Cooper’s coolness on great rivalry says it all

- Liam Hayes

IT’S only 25 years since Meath’s four game dance with Dublin in the first round of the Leinster Championsh­ip, and exactly this month as it happens, but all of us who were on the field at that time have been put in our place by Jonny Cooper. And it is not such a bad place to be at all. The teak tough and bravest of brave Dublin defender has placed the men of 1991 back in time with the Tuatha Dé Danann and the Fir Bolgs, and all of those allegedly hearty gentlemen found deep in this country’s mythology. Yep, we’re folklore. We’re so far back in football history that all of the happenings and deeds on the field in those four games played over five weeks, including Kevin Foley’s concluding goal that stretched the length of the field, have only been passed down to the present generation by word of mouth.
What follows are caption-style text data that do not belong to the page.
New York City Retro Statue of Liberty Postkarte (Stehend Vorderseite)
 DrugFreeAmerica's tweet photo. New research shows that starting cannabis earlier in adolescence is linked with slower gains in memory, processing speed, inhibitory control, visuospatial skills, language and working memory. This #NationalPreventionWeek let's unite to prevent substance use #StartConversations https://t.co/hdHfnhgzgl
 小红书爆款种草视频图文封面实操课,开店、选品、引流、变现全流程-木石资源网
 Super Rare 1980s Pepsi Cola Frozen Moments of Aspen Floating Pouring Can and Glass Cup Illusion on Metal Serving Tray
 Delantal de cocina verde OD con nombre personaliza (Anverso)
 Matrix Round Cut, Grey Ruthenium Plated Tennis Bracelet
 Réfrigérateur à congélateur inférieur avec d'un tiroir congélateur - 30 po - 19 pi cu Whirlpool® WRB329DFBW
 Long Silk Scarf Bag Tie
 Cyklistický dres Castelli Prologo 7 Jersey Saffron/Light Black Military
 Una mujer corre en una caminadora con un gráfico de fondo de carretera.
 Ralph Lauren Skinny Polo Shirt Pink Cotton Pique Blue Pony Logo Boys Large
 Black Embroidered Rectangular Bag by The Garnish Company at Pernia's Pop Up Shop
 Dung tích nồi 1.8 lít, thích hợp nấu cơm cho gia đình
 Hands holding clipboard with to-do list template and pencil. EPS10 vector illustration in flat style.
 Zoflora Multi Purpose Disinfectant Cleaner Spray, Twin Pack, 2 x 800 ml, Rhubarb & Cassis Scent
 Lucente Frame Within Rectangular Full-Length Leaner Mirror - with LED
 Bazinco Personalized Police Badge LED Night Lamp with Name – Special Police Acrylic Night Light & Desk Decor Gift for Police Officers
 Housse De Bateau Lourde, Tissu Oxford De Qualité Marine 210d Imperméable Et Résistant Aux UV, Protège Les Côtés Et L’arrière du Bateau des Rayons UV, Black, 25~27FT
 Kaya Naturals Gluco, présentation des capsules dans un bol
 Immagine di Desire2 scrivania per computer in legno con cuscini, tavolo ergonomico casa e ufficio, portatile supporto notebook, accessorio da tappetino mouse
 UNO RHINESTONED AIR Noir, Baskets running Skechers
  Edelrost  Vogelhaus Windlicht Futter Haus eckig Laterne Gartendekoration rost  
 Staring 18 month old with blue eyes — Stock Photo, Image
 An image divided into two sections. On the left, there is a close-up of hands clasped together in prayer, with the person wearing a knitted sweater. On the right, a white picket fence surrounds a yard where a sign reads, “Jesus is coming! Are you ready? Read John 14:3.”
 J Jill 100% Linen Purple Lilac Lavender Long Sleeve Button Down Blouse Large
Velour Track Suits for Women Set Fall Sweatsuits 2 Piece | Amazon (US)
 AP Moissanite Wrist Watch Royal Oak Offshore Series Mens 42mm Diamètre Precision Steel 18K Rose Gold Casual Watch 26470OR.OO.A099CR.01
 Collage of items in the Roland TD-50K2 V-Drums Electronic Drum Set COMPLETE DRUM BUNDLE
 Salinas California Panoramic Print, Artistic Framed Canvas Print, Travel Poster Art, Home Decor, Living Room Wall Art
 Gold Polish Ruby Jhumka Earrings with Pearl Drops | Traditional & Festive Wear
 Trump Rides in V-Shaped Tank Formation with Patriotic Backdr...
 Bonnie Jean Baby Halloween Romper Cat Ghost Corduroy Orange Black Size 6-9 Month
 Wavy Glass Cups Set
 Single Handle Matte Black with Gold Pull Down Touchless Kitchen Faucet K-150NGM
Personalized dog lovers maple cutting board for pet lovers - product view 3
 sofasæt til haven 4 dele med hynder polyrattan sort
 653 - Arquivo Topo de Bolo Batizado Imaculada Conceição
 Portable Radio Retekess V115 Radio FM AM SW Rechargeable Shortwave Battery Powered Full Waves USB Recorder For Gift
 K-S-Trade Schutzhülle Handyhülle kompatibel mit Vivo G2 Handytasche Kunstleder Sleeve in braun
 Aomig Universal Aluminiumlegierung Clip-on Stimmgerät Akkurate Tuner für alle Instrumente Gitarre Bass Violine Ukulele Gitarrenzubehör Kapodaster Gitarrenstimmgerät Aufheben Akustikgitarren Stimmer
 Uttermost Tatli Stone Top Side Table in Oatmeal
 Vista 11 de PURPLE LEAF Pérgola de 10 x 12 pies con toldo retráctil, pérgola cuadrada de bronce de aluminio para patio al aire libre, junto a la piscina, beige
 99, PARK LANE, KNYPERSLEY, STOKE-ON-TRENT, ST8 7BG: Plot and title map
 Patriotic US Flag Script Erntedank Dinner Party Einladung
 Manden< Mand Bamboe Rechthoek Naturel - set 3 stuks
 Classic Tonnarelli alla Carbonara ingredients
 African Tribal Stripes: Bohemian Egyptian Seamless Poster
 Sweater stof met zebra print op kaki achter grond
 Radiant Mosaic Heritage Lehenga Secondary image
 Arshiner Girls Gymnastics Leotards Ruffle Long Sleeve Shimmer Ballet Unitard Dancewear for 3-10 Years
It’s like it never really happened, right?

‘The rivalry is folklore,’ explained Cooper, ‘and I wasn’t around in 2010 when Meath beat Dublin.’ Johnny was in the United States on a J1 student visa that summer.

But, hey, who’s complainin­g? Being remembered in any shape or form is a good thing. And, besides, Cooper was two years of age when those four games were being played out, and from where he is standing right now there is not even the faintest smell of a rivalry between Meath and Dublin. Dublin own Leinster. Meath, like everyone else around the place, are probably closer to complete irrelevanc­e than they have ever been in their extremely proud history. That’s not being harsh on the Meath football team that will share top billing with the reigning champions in Croke Park tomorrow evening. It’s the bloody awful truth. That’s why Cooper can appear so matter of fact, and perilously close to nonchalant in the days counting down to a game against Meath.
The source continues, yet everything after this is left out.